April 22, 2021

Monte Carlo Tree Search is a machine learning method used to efficiently explore very large state spaces. The method was famously used by Alpha Go and Alpha Go Zero to beat the best human Go players. This article describes a few of my insights into the method after using it to train a deep neural network to play the game of Hex.

Monte Carlo Tree Search (MCTS) is comparable to traditional tree-search methods such as minimax, but differs in a few ways. A key difference is the way MCTS uses environment rollouts instead of heuristics or complete game trees to evaluate nodes. This means that we do not need to incorporate expert knowledge about any particular problem into the system. For games such as Hex and Go, formulating expert heuristics are akin to solving the problem itself, and these games are therefore difficult to solve using traditional methods.

*Monte Carlo Tree Visualization*

MCTS also uses a tree policy (typically based on the upper confidence bound) to explore the tree.
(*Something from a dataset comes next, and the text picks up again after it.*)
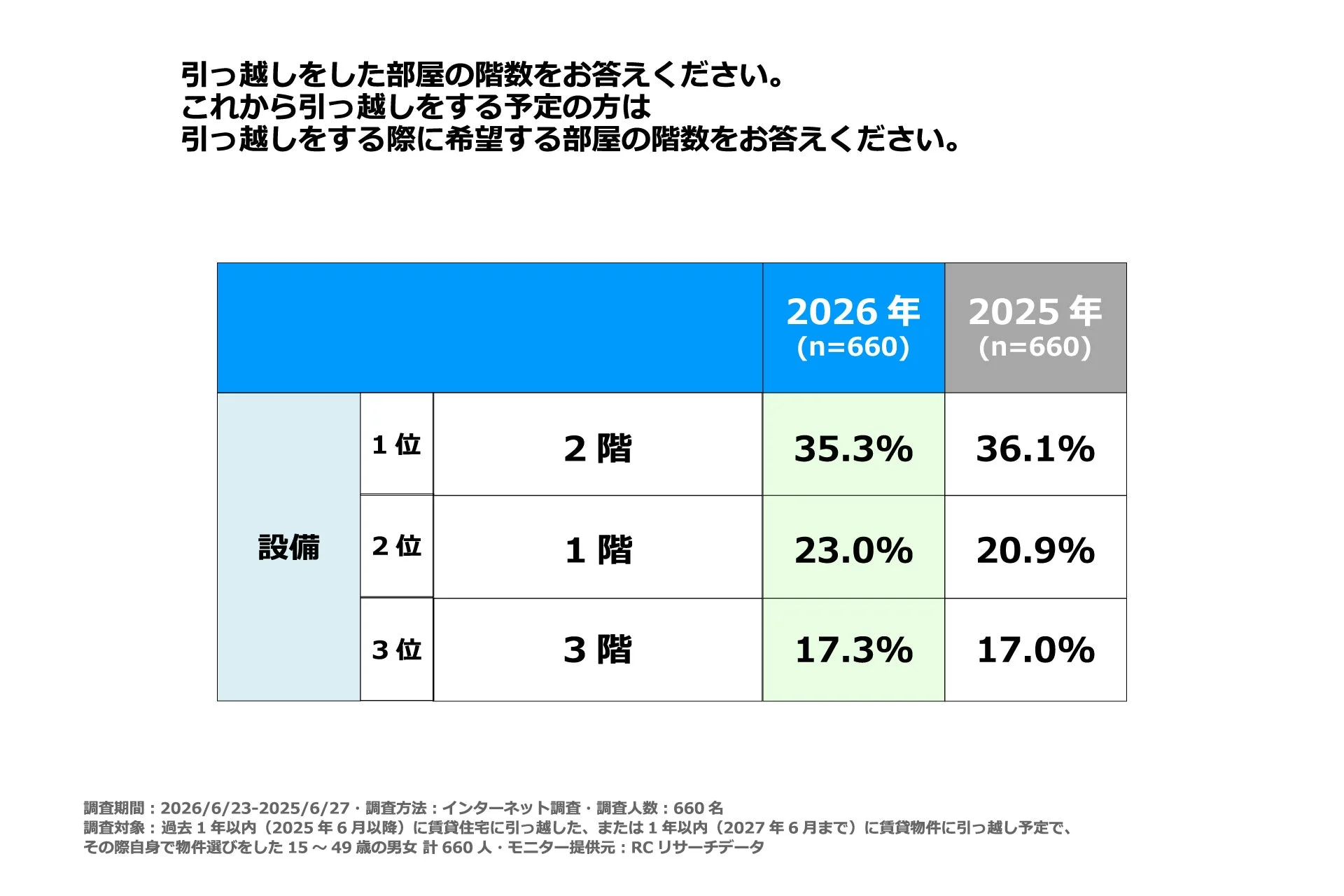 引っ越しをした部屋の階数をお答えください。これから引っ越しをする予定の方は引っ越しをする際に希望する部屋の階数をお答えください。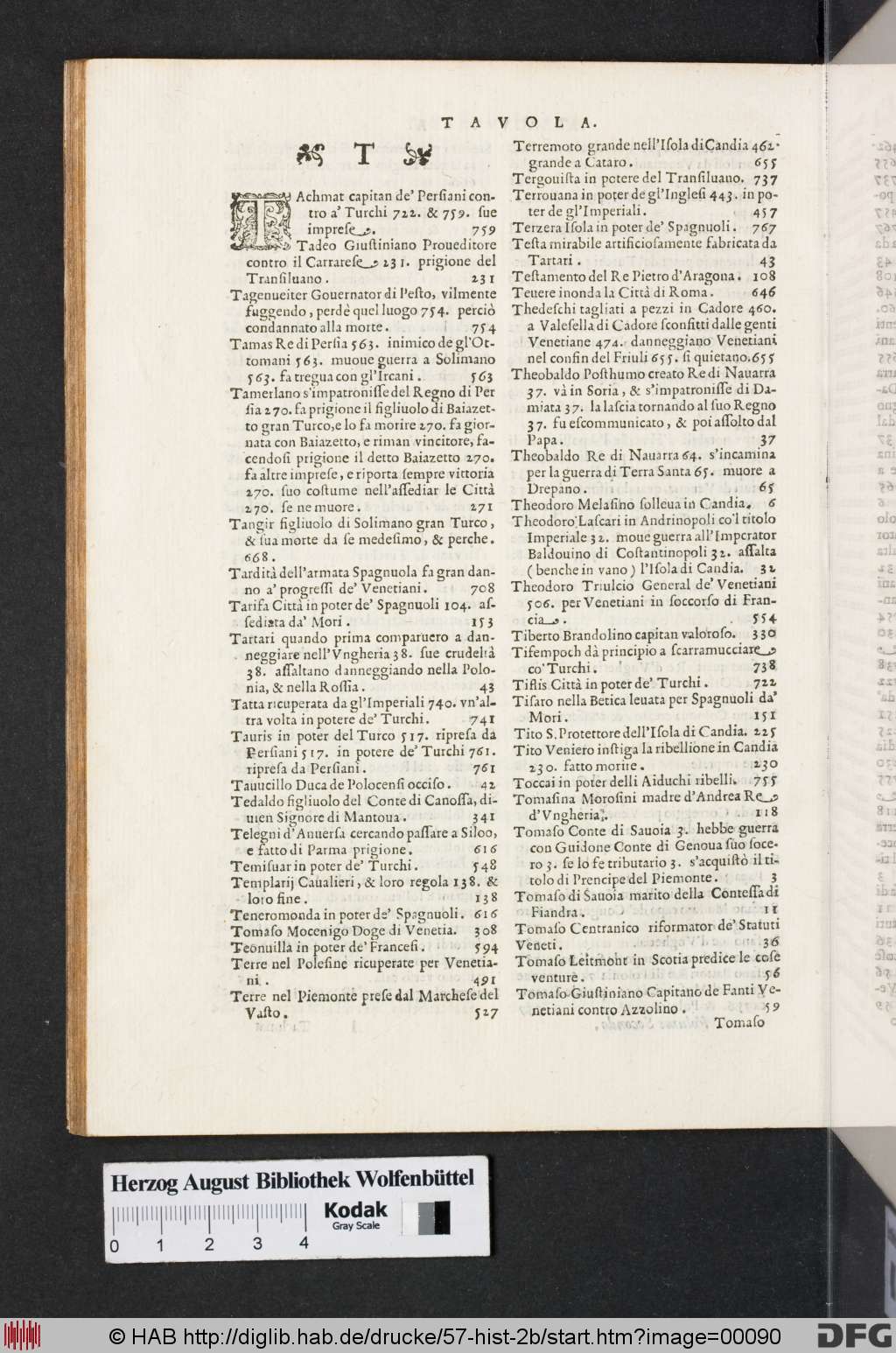 http://diglib.hab.de/drucke/57-hist-2b/00090.jpg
When combined with deep learning for function approximation this provides intelligent exploration of the environment implicitly, which would otherwise have to be managed though strategies such as epsilon-greedy agents.

Although the state representation is not strictly a feature of MCTS, it still requires consideration to enable the reinforcement learning system to perform well. In my initial tests I used a flattened grid representation where 0s indicated an empty tile, and 1s and 2s indicated pieces placed by player 1 and player 2 respectively. This representation performed very poorly. Due to the way neural networks separate features it is very difficult to learn the (significant) difference between your and your opponents pieces when their value representations are both greater than zero. Using values of -1 and 1 instead improved the learning capacity of the system significantly.
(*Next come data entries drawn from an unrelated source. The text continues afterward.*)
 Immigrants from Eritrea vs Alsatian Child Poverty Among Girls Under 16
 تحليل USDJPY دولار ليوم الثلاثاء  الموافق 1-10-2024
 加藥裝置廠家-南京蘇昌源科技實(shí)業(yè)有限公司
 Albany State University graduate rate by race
*My agent playing the game of Hex*

My best results were achieved using a 3-dimensional image representation, where each channel represented a single player. Intuitively, this seemed to increase the ability of the network to understand the difference between each player piece at the same location. Since the game of hex is symmetrical we can also transpose the representation between each move, such that the network only needs to learn to play as one of the two players. This effectively reduces the state space by a factor of two.

When the tree search process reaches a node, the state is branched to generate children nodes for which exploration statistics are recorded. One hyperparameter we can use is the minimum number of visits to a node before it is expanded in this way. Given a minimum visit count of zero, downstream exploration of a parent node A will use the tree policy exclusively. This policy is highly explorative, but will over time converge towards the true distribution for its child nodes, which will be reflected in the statistics of A. In real training, however, we cannot realistically explore every child node enough to find accurate metrics for each one, especially because they will keep branching as well. Given N children and N visits to A, the estimate for A will be an average of the (one-shot) estimate of every possible move from A. This means that it will not consider the behaviour policy at all. After significant training the behaviour policy may already have found that a particular move from A is best, and we end up losing this information during exploration.
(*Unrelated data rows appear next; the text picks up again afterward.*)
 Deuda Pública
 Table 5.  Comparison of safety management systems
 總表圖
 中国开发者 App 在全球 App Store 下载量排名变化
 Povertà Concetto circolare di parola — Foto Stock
By incorporating a minimum visit count we bias the estimate by incorporating knowledge from the current behaviour policy. Given 100 visits to A and a minimum visit count of 10 we get 10% of our estimate directly from the knowledge we already have, which may increase the rate of convergence significantly. My system achieved good results using this method given enough search time. Intuitively, a minimum visit count as a function of the current training episode could perform even better. This solution would be equivalent to trusting the behaviour policy more over time, which could reduce oscillation and improve convergence properties late in training.

My final takeaway from this project is that great performance is achieved through large amounts of computing power. For complicated games with dozens of possible actions, the difference between 100 and 1000 searches for each move is very significant. In order to find good estimates for the training targets, a few visits per child node is simply not enough.

My training targets are based on the number of visits to each child node, such that the target probability of each action is simply its fraction of total visits. I was initially sceptical about this solution, because N is a function of the highly explorative UCB tree policy. This policy does, however, converge towards a true estimate as the number of searches increase. Using the estimated value (win probability) instead may *seem* like a good idea, but provides way too much variance unless the number of searches is extremely high. The visit count target may perhaps lose some information, but provides a significantly more stable target for training. This ensures convergence towards the ground truth over time, even if the search time is comparatively low.

Thanks for reading. This project was completed as part of one of my artificial intelligence courses at NTNU, and I'm therefore unable to share the code implementation at this time. Hope you found some of my insights useful!